Restate the data word for word and leave the images out.

>>

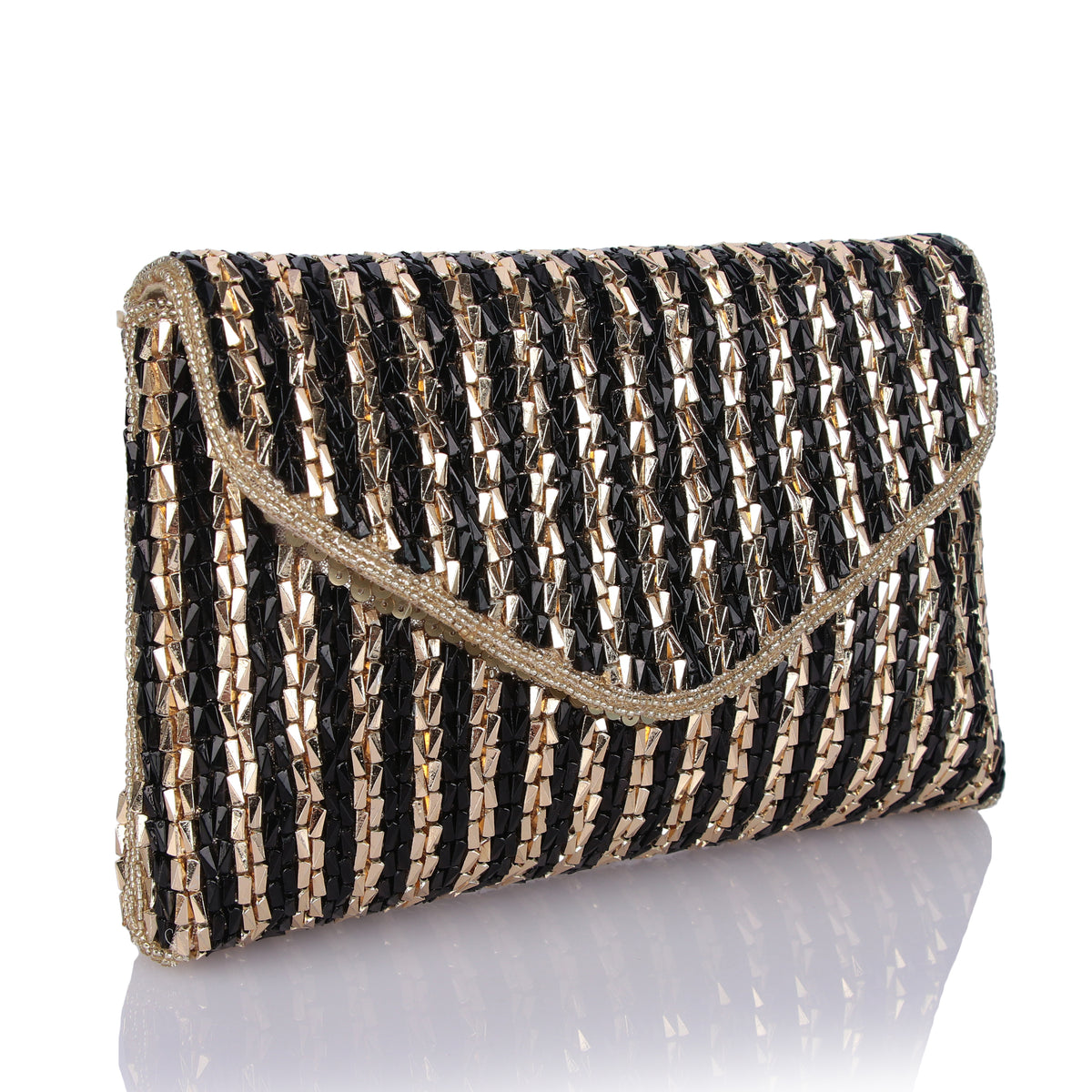 Zephyr black gold clutch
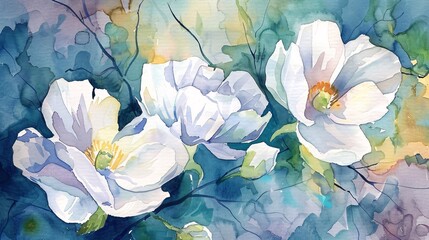 Beautiful watercolor flowers blend soft colors, creating a delicate and vibrant artwork.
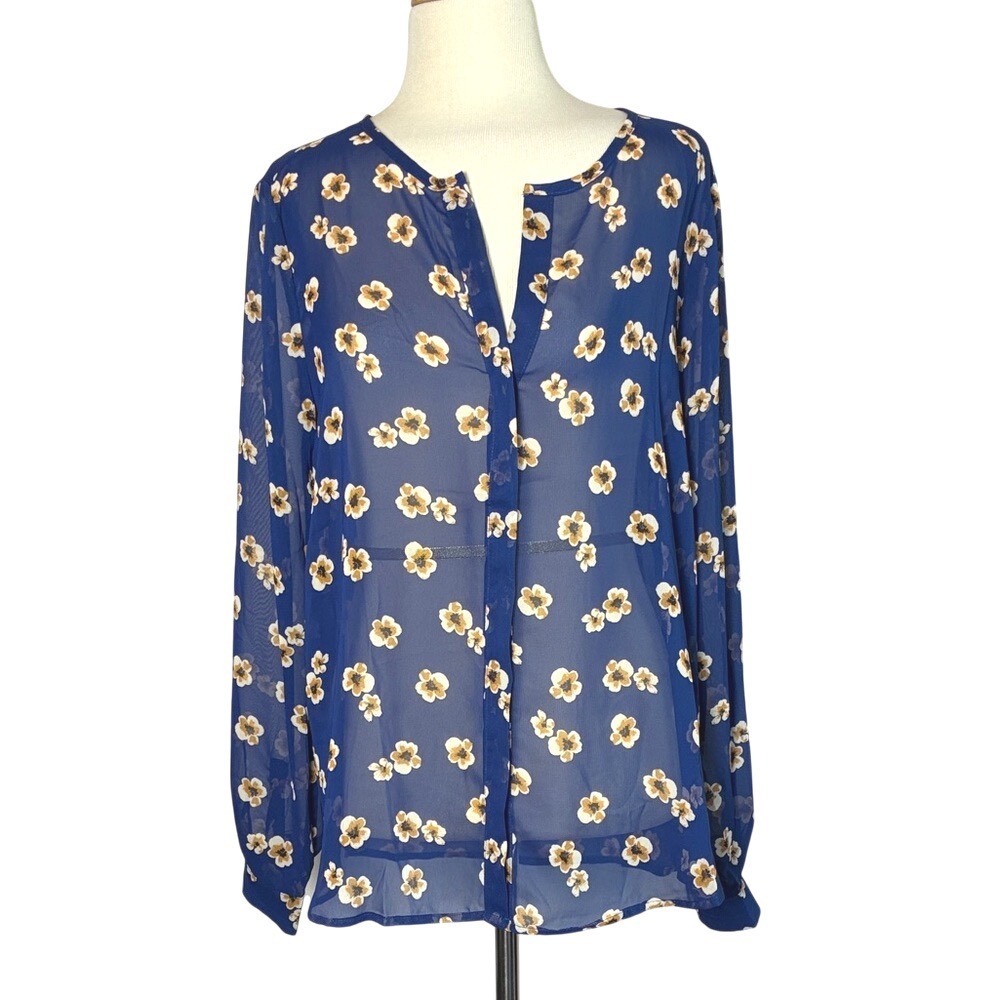 Lumiere Blue Floral Sheer Blouse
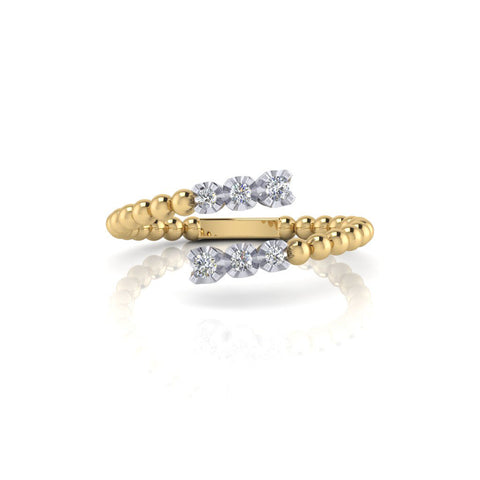 14K Brushed Gold Diamond Fashion Stack Ring SCR-1005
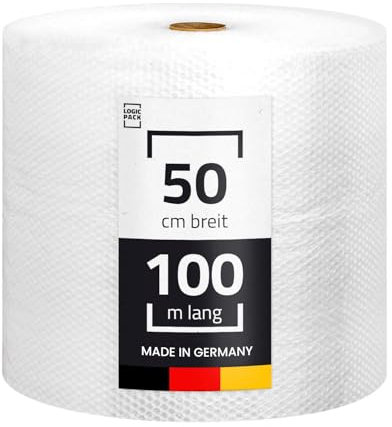 LOGIC PACK Rouleau de film bulle 100m x 50cm – Matériau d’emballage en papier bulle déménagement, expédition, emballage, 2 couches 50 microns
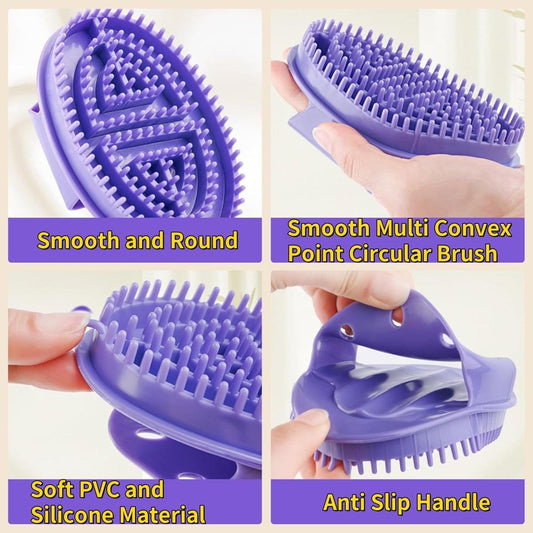 Purple oval massage brush with dense rounded bristles and grip handle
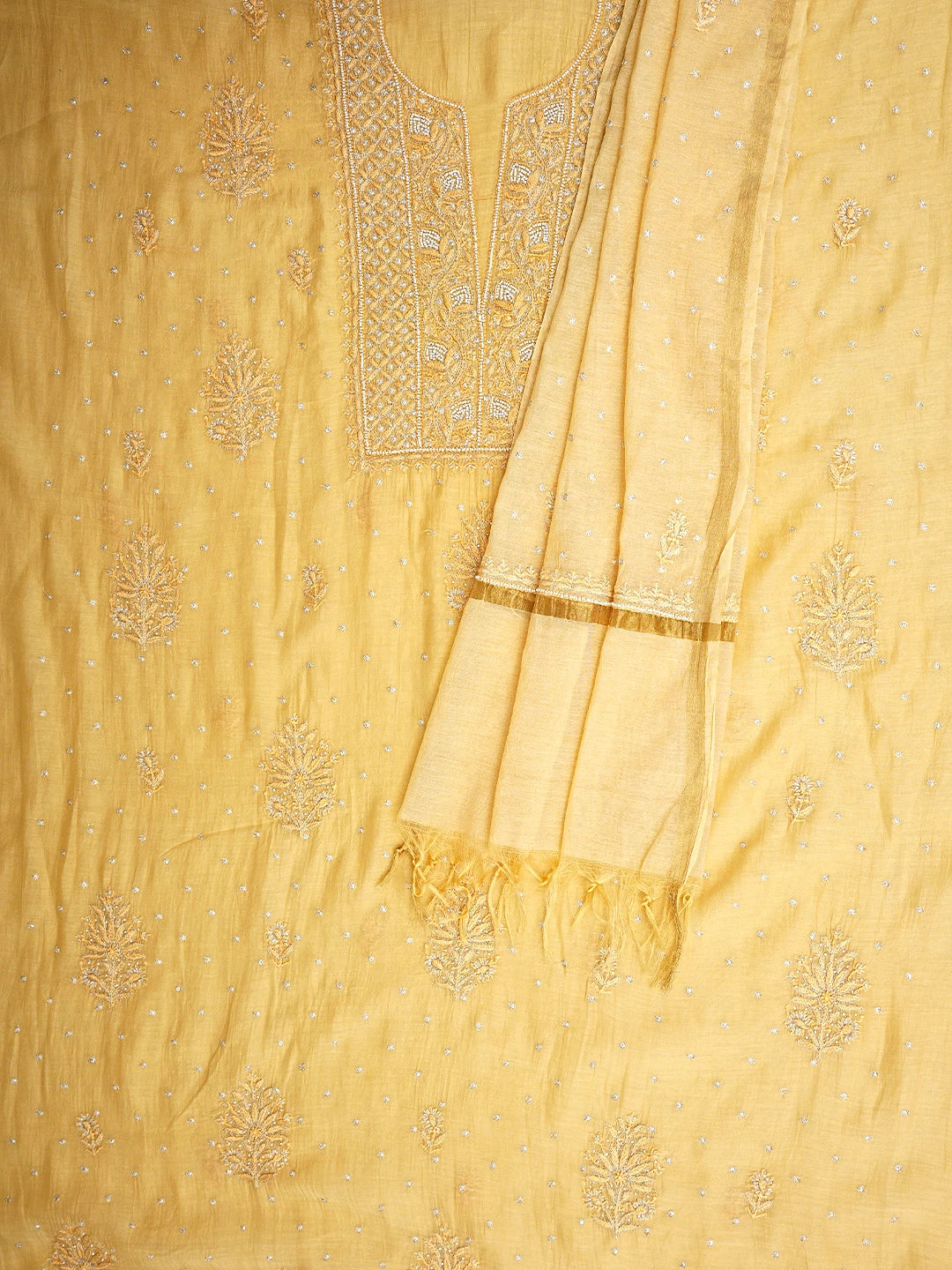 Ada Hand Embroidered Sunlit Clay  Brown Chanderi Lucknowi Chikankari Unstitched Kurta Dupatta Set With Zari Work 01A762758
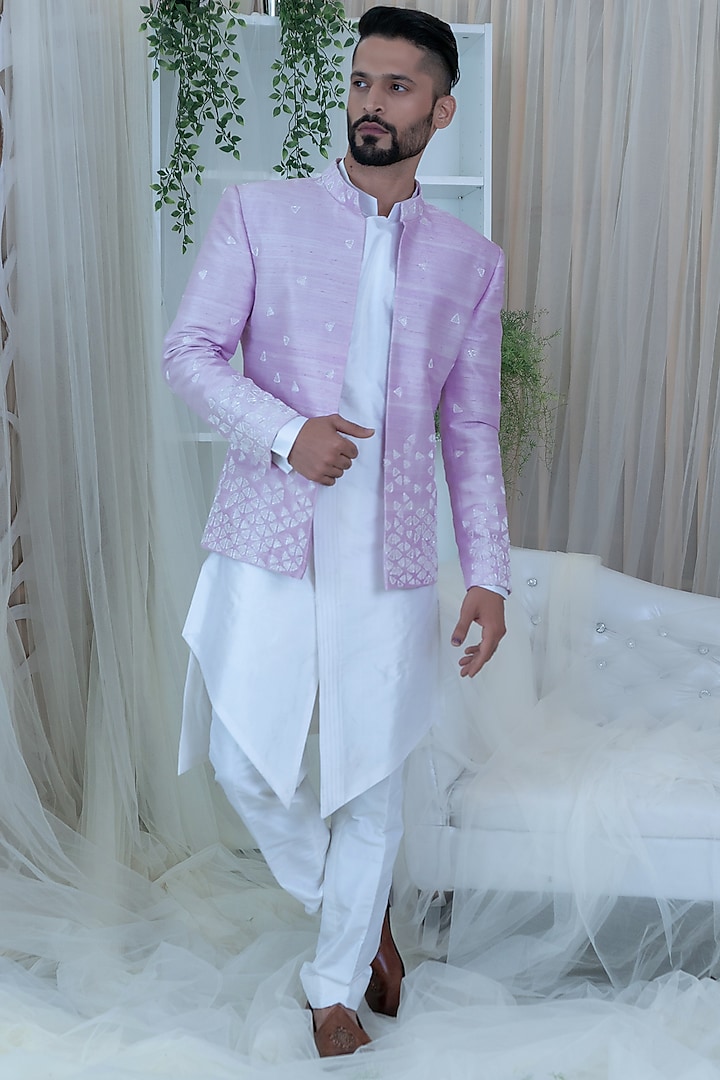 Mauve & White Embroidered Indowestern Jacket Set by Varun Chakkilam Men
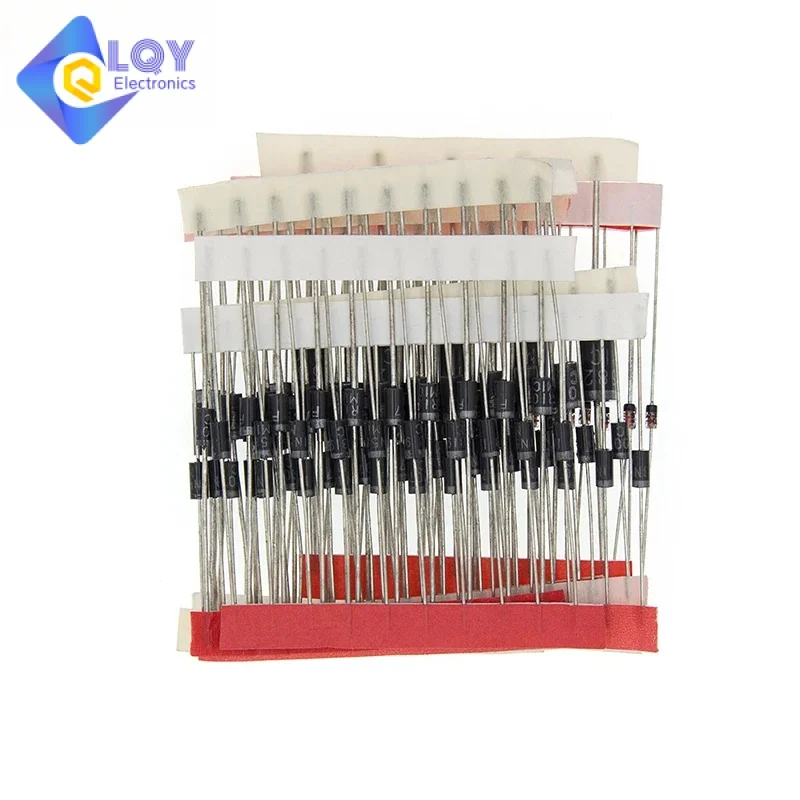 LQY 1N4148 1N4007 1N5819 1N5399 1N5408 1N5822 FR107 FR207,8values=100pcs,Electronic Components Package,Diode Assorted Kit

<<

RESULT OF THIS EXERCISE →
 Zephyr black gold clutch
 Beautiful watercolor flowers blend soft colors, creating a delicate and vibrant artwork.
 Lumiere Blue Floral Sheer Blouse
 14K Brushed Gold Diamond Fashion Stack Ring SCR-1005
 LOGIC PACK Rouleau de film bulle 100m x 50cm – Matériau d’emballage en papier bulle déménagement, expédition, emballage, 2 couches 50 microns
 Purple oval massage brush with dense rounded bristles and grip handle
 Ada Hand Embroidered Sunlit Clay  Brown Chanderi Lucknowi Chikankari Unstitched Kurta Dupatta Set With Zari Work 01A762758
 Mauve & White Embroidered Indowestern Jacket Set by Varun Chakkilam Men
 LQY 1N4148 1N4007 1N5819 1N5399 1N5408 1N5822 FR107 FR207,8values=100pcs,Electronic Components Package,Diode Assorted Kit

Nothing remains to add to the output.